The hugepage thing is special, because it's a pagefault, not a syscall.

2006-02-06 21:22:56

by Andi Kleen

[permalink] [raw]
Subject: Re: OOM behavior in constrained memory situations

On Monday 06 February 2006 22:10, Andrew Morton wrote:

> Do we really want to kill the application? A more convetional response
> would be to return NULL from the page allocator and let that trickle back.

Yes that is what it's supposed to be doing.

> The hugepage thing is special, because it's a pagefault, not a syscall.

At least remnants from my old 80% hack to avoid this (huge_page_needed)
seem to be still there in mainline:

fs/hugetlbfs/inode.c:hugetlbfs_file_mmap

bytes = huge_pages_needed(mapping, vma);
if (!is_hugepage_mem_enough(bytes))
return -ENOMEM;


So something must be broken if this doesn't work. Or did you allocate
the pages in some other way?

>From taking a quick look at ipc/shm.c it might be missing an equivalent
check when allocating a huge page segment.

-Andi

2006-02-06 22:11:45

by Christoph Lameter

[permalink] [raw]
Subject: Re: OOM behavior in constrained memory situations

On Mon, 6 Feb 2006, Andrew Morton wrote:

> Do we really want to kill the application? A more convetional response
> would be to return NULL from the page allocator and let that trickle back.

Ok. But ultimately that will lead to a application fault or the
termination of the application .

> The hugepage thing is special, because it's a pagefault, not a syscall.

The same can happen if a pagefault occurs in the application but the page
allocator cannot satisfy the allocation. At that point we need to
determine if the allocation was restricted. If so then we are not really
in an OOM situation and the app could be terminated.

2006-02-06 22:17:09

by Christoph Lameter

[permalink] [raw]
Subject: Re: OOM behavior in constrained memory situations

On Mon, 6 Feb 2006, Andi Kleen wrote:

> At least remnants from my old 80% hack to avoid this (huge_page_needed)
> seem to be still there in mainline:
>
> fs/hugetlbfs/inode.c:hugetlbfs_file_mmap
>
> bytes = huge_pages_needed(mapping, vma);
> if (!is_hugepage_mem_enough(bytes))
> return -ENOMEM;
>
>
> So something must be broken if this doesn't work. Or did you allocate
> the pages in some other way?

huge pages are now allocated in the huge fault handler. If it would be
returning an OOM then the OOM killer may be activated.

2006-02-06 22:24:46

by Andrew Morton

[permalink] [raw]
Subject: Re: OOM behavior in constrained memory situations

Christoph Lameter <[email protected]> wrote:
>
> On Mon, 6 Feb 2006, Andrew Morton wrote:
>
> > Do we really want to kill the application? A more convetional response
> > would be to return NULL from the page allocator and let that trickle back.
>
> Ok. But ultimately that will lead to a application fault or the
> termination of the application .

Yup. The application gets to decide what to do if its stat() or read() or
whatever failed.

> > The hugepage thing is special, because it's a pagefault, not a syscall.
>
> The same can happen if a pagefault occurs in the application but the page
> allocator cannot satisfy the allocation. At that point we need to
> determine if the allocation was restricted. If so then we are not really
> in an OOM situation and the app could be terminated.
>

Not too sure what you mean here.

The current behaviour of a oom-in-pagefault is to kill the caller via
do_exit(SIGKILL). (Perhaps hugetlbpages should be doing that too).

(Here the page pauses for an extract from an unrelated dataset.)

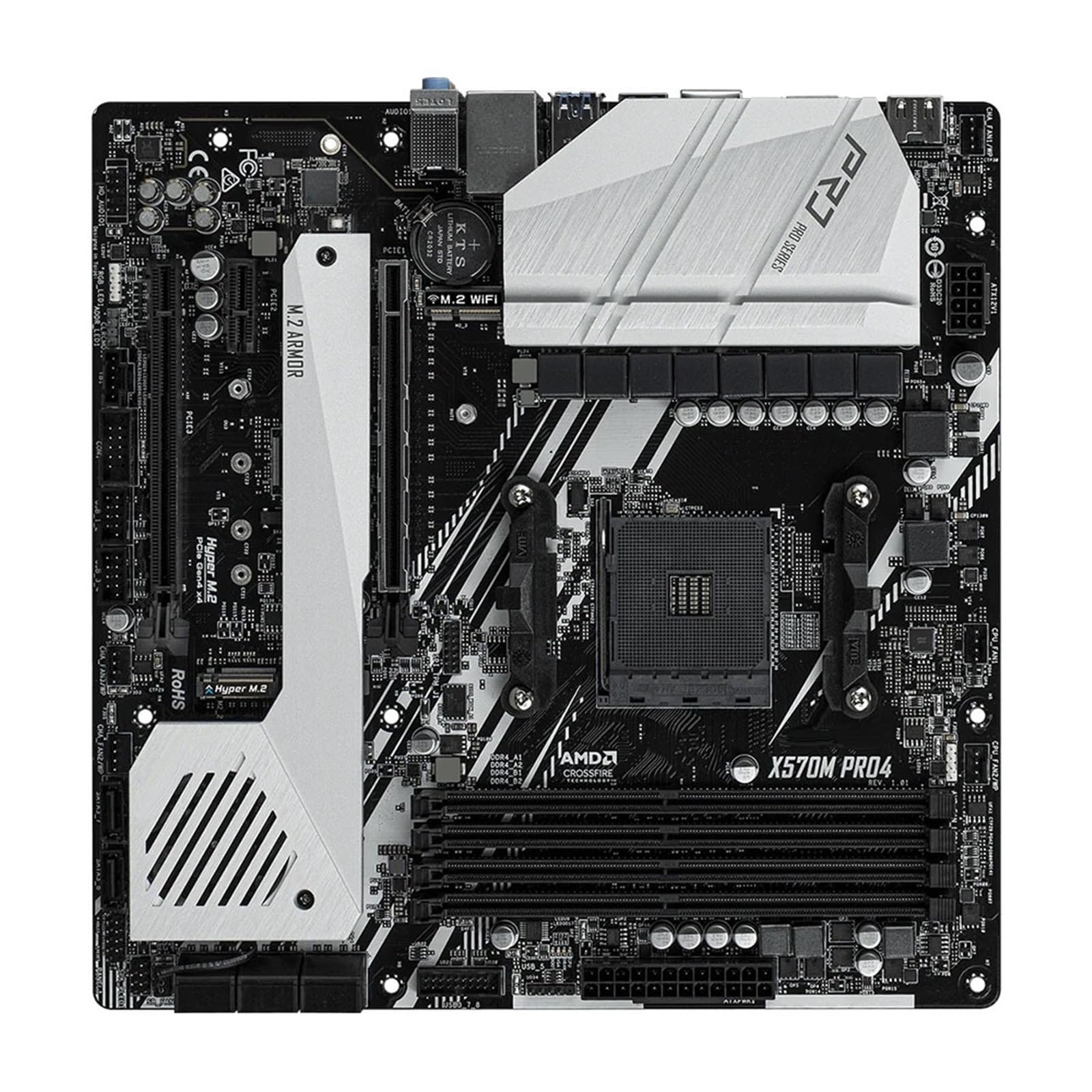 Placa Madre Fit For ASRock X570 Ryzen 5 5500 CPU X570M Pro4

If the page allocator decides "hey, this was a restricted allocation
attempt and we cannot satisfy it" then it should return NULL and if it's a
pagefault the app will do the do_exit(SIGKILL). If it's a syscall, that
syscall will return an error indication (and there's a decent chance that
the application will then misbehave, but that's life).

2006-02-06 22:26:28

by Andi Kleen

[permalink] [raw]
Subject: Re: OOM behavior in constrained memory situations

On Monday 06 February 2006 23:16, Christoph Lameter wrote:
> On Mon, 6 Feb 2006, Andi Kleen wrote:
>
> > At least remnants from my old 80% hack to avoid this (huge_page_needed)
> > seem to be still there in mainline:
> >
> > fs/hugetlbfs/inode.c:hugetlbfs_file_mmap
> >
> > bytes = huge_pages_needed(mapping, vma);
> > if (!is_hugepage_mem_enough(bytes))
> > return -ENOMEM;
> >
> >
> > So something must be broken if this doesn't work. Or did you allocate
> > the pages in some other way?
>
> huge pages are now allocated in the huge fault handler. If it would be
> returning an OOM then the OOM killer may be activated.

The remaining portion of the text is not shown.